Vaccination incentives are among the latest back-to-school trends for community college students. Fresno City College in Fresno, CA is offering vaccinated students a $250 voucher to the campus bookstore. West Hills Community College in Coalinga, CA has skipped the voucher and will just fork over $250 in cash for students who upload an image of their vaccination cards by November 1. Earlier today, Mott Community College in Flint coughed up a tuition credit worth $750 for students who provide vaccination proof. Other community colleges will offer a range of vaccination incentives, including Amazon gift cards, free meals, books, apparel and more.
Good health and doing one’s part to slow the spread of COVID-19 are probably among the best vaccination incentives, but college students would do well to take advantage of the good will while it lasts.
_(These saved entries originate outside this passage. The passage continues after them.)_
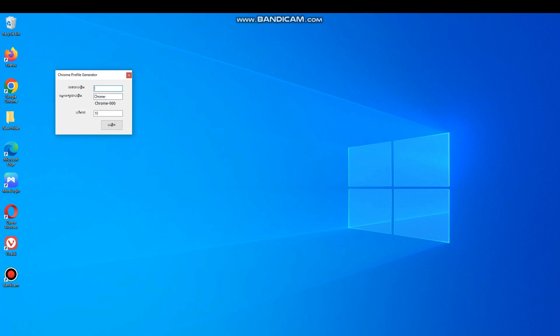Now first of all give it a starting number that can be any. And now write any random name from which all profile names will start. Now write how many profiles you want to create.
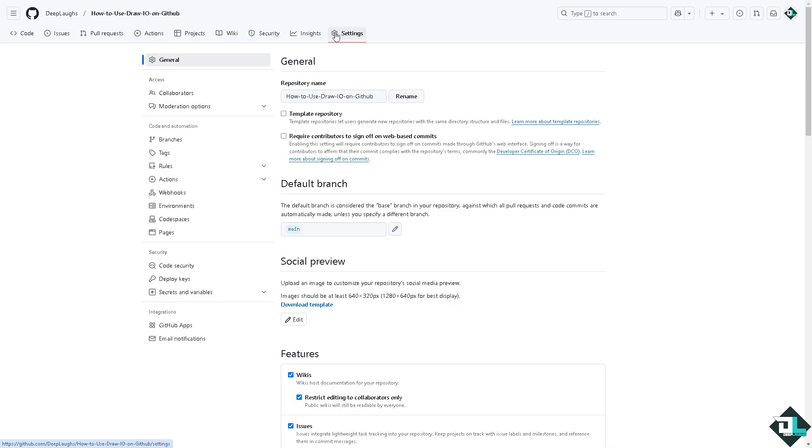Basically that's how you use Draw.io diagram going to GitHub. Thank you so much for watching. We will see you again in the next video.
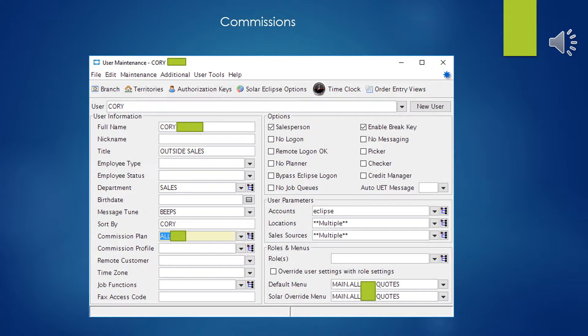Apparently you can assign several different plans to a particular salesman, which would make sense. And of course, if you do that, you'll have to keep in mind when you're running commissions that you don't overpay by not filtering out the plans that you didn't want to pay on. Anyway, so you can see this is straightforward in user maintenance, not a whole lot of surprises.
While Mott was giving away free college classes, Supreme Court Justice Amy Coney Barrett was telling students at Indiana University to get the vaccine. Coney Barrett delivered the bad news to a group of IU students who hoped to persuade the Supreme Court that campus-wide vaccination mandates infringed on their rights.
Apparently, vaccine mandates are not as legally sketchy as the students hoped. Alas, Jacobson v. the Commonwealth of Massachusetts 197 U.S. 11 (1905) lives to die some other day.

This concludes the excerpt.